Museo d'Arte della Città
Via di Roma, 13
Ravenna (RA)
Thorvaldsen Bertel
1770/ 1884
scultura

marmo/ scultura
cm. 95 (a)
sec. XIX (1821 - 1822)
n. 26
Il santo è raffigurato in una posa assorta e in abito vescovile.

L'opera fu commissionata all'artista dall'Arcivescovo di Ravenna Antonio Codronchi (1748-1826) nel 1821 e collocata nel suo appartamento presso l'Arcivescovado. Alla sua morte tutti gli arredi dell'abitazione divennero, per lascito testamentario, proprietà dell'Ospedale di Santa Maria delle Croci. Essi però non cambiarono ubicazione, in quanto Codronchi aveva disposto che rimanessero a titolo di legato ai suoi successori, in cambio di una somma di ottanta scudi annui a favore dell'ospedale. Nel 1867 l'arcivescovo Enrico Orfei riacquistò tutti gli arredi del Codronchi e eccezione del Busto di Thorvaldsen. Questo, per volontà di Cesare Rasponi, presidente della Congregazione di Carità che amministrava l'ospedale e dell'Accademia di Belle Arti, nel settembre dello stesso anno fu affidato, come deposito temporaneo, all'Accademia di Belle Arti, dove fu esposto al fianco dei gessi di alcune delle più celebri realizzazioni di Thorvaldsen quali il "Ganimede", l'"Autoritratto", le "Tre Grazie" e il "Mercurio" donati dallìautore stesso all'Accademia di Belle Arti di Ravenna, coe risulta da due lettere di Alessandro Cappi datate 1830 e 1834.
Secondo il registro di spese dell'artista, iniziò a lavorare al busto di Sant'Apollinare nella primavera del 1821, giungendo alla trasposizione marmorea già nel dicembre dello stesso anno, per poi finire il lvoro nell'aprile 1922.
Bertel Thorvaldsen, scultore danese nato a Copenhagen nel 1770, trascorre la maggior parte della sua vita a Roma. arrivato nel 1797, al termine degli studi accademici, vi soggiornò fino al 1838, affermandosi come uno dei principali interpreti della scultura neoclassica.

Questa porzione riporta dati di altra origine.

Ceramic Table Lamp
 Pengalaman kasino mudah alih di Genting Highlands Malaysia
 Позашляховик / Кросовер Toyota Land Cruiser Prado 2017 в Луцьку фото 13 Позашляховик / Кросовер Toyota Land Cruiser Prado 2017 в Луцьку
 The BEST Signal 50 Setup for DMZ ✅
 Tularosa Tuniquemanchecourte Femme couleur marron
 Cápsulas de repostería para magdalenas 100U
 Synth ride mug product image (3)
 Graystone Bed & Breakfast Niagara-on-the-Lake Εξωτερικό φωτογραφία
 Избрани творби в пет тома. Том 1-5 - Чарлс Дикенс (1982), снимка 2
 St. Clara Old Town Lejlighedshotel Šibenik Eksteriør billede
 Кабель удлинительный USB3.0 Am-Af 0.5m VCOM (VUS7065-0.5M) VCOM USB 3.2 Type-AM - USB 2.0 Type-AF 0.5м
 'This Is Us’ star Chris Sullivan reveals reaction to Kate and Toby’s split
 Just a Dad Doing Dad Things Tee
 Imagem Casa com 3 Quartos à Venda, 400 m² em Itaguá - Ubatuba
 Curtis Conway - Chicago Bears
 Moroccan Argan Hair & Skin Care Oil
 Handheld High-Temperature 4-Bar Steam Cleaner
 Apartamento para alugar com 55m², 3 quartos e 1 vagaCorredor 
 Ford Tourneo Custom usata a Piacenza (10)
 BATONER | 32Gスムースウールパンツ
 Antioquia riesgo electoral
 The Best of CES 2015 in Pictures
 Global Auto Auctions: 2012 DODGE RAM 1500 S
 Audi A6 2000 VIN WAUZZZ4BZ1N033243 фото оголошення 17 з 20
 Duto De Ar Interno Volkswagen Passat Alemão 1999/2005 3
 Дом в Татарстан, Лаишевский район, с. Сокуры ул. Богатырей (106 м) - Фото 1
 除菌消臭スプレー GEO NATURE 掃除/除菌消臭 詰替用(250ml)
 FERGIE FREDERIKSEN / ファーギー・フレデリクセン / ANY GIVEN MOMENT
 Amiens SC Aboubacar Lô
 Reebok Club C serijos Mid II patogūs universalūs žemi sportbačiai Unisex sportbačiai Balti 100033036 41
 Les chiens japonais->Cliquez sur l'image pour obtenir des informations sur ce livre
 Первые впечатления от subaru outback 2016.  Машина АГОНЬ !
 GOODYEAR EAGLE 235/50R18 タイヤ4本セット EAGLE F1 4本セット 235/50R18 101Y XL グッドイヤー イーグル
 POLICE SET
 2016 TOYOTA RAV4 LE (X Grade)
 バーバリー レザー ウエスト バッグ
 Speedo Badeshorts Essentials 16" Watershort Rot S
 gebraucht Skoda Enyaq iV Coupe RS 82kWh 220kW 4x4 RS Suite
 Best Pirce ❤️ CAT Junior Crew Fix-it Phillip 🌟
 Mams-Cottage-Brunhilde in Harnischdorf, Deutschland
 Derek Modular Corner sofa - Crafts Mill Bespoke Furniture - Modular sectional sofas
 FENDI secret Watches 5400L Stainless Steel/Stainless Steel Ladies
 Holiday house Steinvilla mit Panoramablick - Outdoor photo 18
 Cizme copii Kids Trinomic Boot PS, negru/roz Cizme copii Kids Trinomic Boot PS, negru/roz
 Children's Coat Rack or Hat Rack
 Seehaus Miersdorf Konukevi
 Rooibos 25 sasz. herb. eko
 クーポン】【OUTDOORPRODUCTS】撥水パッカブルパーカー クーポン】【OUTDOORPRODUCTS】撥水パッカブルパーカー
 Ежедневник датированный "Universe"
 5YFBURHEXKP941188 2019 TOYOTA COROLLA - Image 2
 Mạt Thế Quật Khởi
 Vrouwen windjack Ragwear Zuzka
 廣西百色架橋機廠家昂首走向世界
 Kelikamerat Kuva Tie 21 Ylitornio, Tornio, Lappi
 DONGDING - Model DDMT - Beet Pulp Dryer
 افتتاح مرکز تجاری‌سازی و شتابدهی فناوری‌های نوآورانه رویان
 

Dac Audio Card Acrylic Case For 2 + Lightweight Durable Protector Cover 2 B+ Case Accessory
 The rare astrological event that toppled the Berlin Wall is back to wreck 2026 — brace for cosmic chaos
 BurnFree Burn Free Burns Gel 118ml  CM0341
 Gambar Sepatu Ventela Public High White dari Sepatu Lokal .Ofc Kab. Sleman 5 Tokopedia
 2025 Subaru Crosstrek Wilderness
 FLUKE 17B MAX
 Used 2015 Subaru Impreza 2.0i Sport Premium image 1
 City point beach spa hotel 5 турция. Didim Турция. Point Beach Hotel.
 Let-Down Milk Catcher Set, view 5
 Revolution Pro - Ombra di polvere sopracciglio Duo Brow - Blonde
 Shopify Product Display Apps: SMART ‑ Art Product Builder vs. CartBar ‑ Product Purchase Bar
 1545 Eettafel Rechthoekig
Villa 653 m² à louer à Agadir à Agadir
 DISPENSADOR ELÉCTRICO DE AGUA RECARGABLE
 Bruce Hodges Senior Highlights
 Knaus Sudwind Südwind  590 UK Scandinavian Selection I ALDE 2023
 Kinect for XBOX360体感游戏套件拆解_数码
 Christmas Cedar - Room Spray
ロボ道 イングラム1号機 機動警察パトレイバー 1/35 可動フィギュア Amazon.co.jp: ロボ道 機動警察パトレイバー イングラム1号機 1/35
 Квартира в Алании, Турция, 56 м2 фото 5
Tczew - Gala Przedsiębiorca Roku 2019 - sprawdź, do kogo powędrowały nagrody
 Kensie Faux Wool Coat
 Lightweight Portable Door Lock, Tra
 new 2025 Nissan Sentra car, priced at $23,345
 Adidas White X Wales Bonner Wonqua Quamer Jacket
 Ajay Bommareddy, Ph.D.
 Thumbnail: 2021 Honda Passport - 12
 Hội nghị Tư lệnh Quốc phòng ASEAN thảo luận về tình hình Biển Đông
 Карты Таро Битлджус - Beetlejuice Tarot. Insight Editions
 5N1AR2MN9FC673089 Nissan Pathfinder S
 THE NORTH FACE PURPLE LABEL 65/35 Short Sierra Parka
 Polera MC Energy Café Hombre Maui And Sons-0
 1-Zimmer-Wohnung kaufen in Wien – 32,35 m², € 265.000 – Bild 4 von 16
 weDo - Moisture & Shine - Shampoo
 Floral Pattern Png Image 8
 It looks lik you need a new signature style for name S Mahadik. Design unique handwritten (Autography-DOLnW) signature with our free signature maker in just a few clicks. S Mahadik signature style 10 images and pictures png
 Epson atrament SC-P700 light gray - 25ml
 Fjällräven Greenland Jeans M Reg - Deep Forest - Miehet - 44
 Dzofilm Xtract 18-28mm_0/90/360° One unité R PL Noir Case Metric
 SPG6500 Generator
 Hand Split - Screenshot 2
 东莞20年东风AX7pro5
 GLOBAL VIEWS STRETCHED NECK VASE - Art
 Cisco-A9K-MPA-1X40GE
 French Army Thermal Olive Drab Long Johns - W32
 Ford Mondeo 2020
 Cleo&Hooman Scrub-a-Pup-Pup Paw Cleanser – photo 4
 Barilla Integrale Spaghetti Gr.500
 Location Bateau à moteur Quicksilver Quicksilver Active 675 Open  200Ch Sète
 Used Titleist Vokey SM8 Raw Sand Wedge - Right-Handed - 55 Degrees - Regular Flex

Ai tempi della commissione ravennate egli era a capo di uno studio affermato e coadiuvato da una schiera di collaboratori, uno dei quali, Pietro Tenerani, in una lettera datata 1868 a monsignor David Farabulini, afferma di essersi occupato "intieramente del modello non solamente, ma anche negli ultimi ritocchi del marmo" (Farabulini D., Storia della vita e del culto di Sant'Apollinare, vol. I, p. 528). Marcella Culatti a questo proposito nota come l'impiego di manodopera altamente qualificata nello studio dello scultore non intacchi "in alcun modo il concetto di autografia e originalità [...] Non si può pertanto escludere che il modello cui allude Tenerani sia la prima forma in gesso di un bozzetto del maestro, e non il riferimento a una sua ideazione autonoma".
Per quanto riguarda il nome inciso sul Busto: "A. Thorvaldsen", si deve intendere, per la A. puntata, l'iniziale del nome con cui lo scultore volle farsi chiamare sin dal suo arrivo a Roma: Alberto.